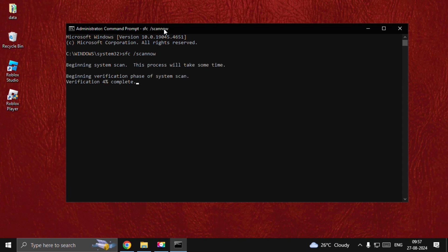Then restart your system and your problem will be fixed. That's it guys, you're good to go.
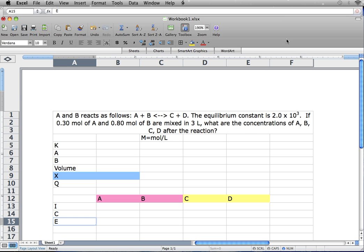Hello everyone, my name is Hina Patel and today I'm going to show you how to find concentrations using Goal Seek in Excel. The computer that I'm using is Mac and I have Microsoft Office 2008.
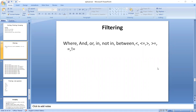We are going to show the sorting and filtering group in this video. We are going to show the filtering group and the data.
━━━━━━━━
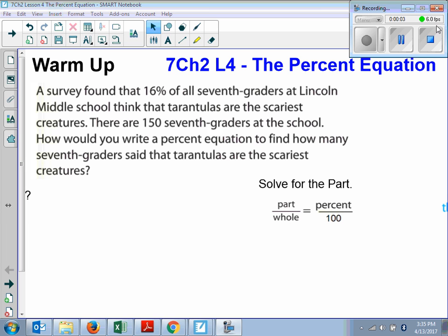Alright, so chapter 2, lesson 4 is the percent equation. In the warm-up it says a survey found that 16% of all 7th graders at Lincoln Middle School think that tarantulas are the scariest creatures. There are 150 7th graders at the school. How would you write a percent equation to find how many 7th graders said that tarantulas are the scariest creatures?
━━━━━━━━
> [REQUIREMENT]:
All pictures are to be skipped. Output, word for word, the lines in the data above starting at the line containing "Then restart your" and ending at the line containing "We are going to show the sorting".

> [WORKED SOLUTION]:
Then restart your system and your problem will be fixed. That's it guys, you're good to go.
Hello everyone, my name is Hina Patel and today I'm going to show you how to find concentrations using Goal Seek in Excel. The computer that I'm using is Mac and I have Microsoft Office 2008.
We are going to show the sorting and filtering group in this video. We are going to show the filtering group and the data.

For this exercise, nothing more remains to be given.